Data shown ->
****

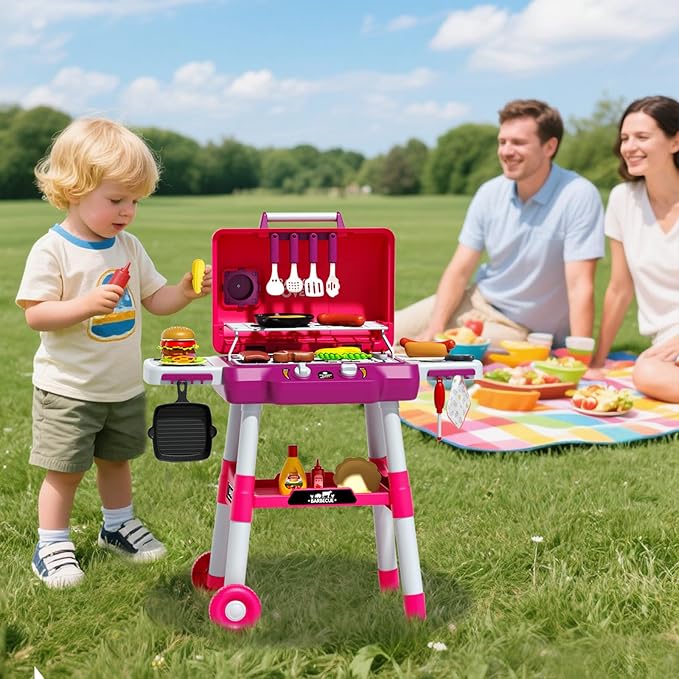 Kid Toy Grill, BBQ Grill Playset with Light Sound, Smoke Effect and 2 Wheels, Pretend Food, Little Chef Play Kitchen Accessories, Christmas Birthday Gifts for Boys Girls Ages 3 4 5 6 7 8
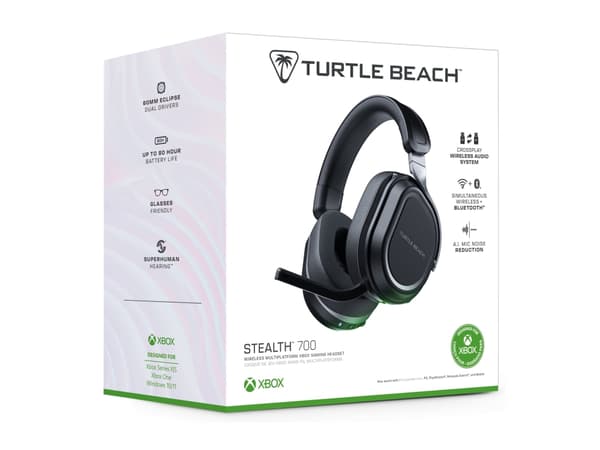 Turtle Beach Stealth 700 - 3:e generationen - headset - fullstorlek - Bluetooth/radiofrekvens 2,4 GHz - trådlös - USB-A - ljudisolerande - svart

****

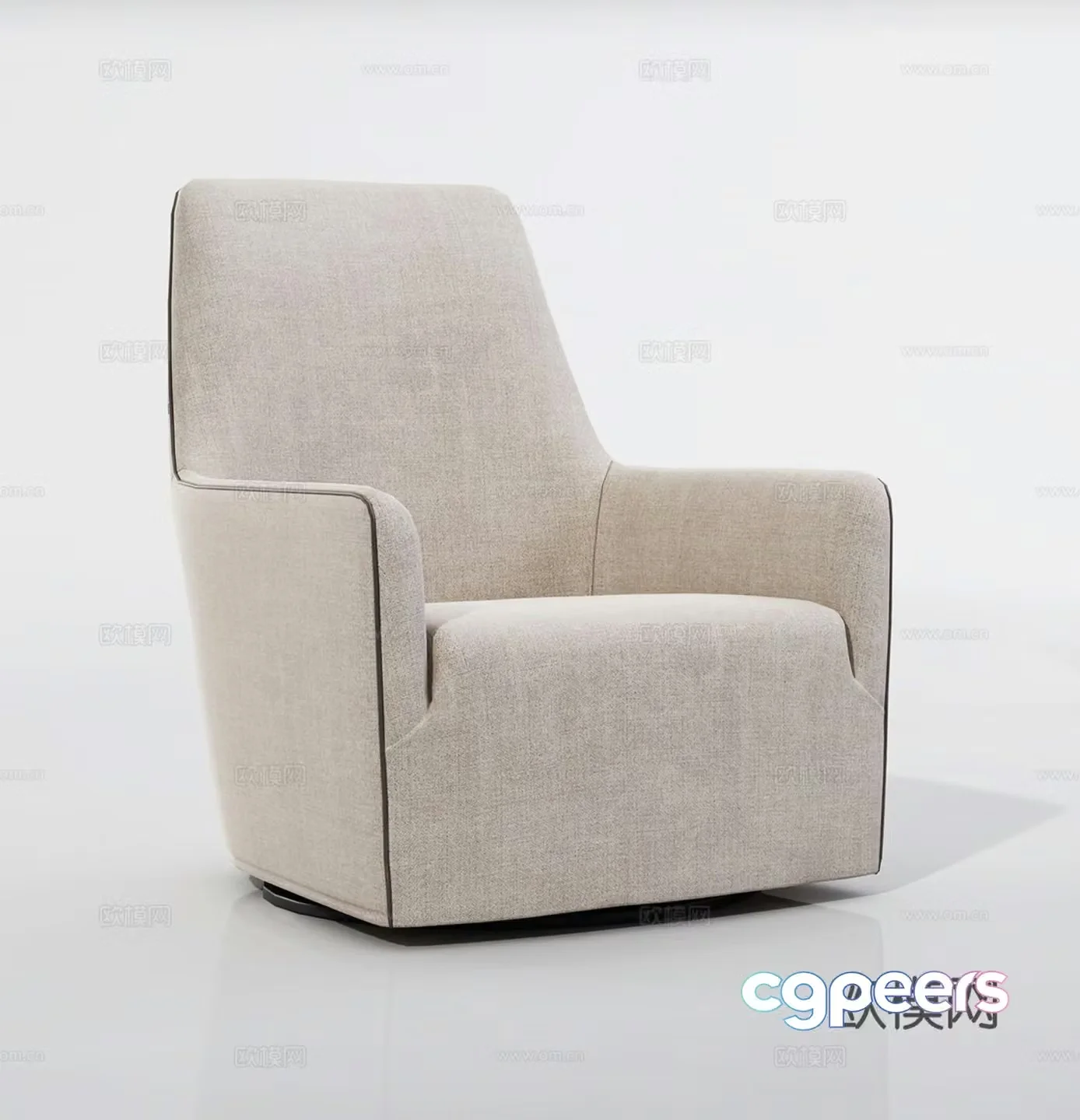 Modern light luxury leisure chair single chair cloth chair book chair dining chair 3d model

****

What you are asked to do ->
Repeat the lines above exactly, beginning with the one containing "Kid Toy Grill, BBQ" and finishing with the one containing "Turtle Beach Stealth". No pictures belong in the copy.

Answer area ->
 Kid Toy Grill, BBQ Grill Playset with Light Sound, Smoke Effect and 2 Wheels, Pretend Food, Little Chef Play Kitchen Accessories, Christmas Birthday Gifts for Boys Girls Ages 3 4 5 6 7 8
 Turtle Beach Stealth 700 - 3:e generationen - headset - fullstorlek - Bluetooth/radiofrekvens 2,4 GHz - trådlös - USB-A - ljudisolerande - svart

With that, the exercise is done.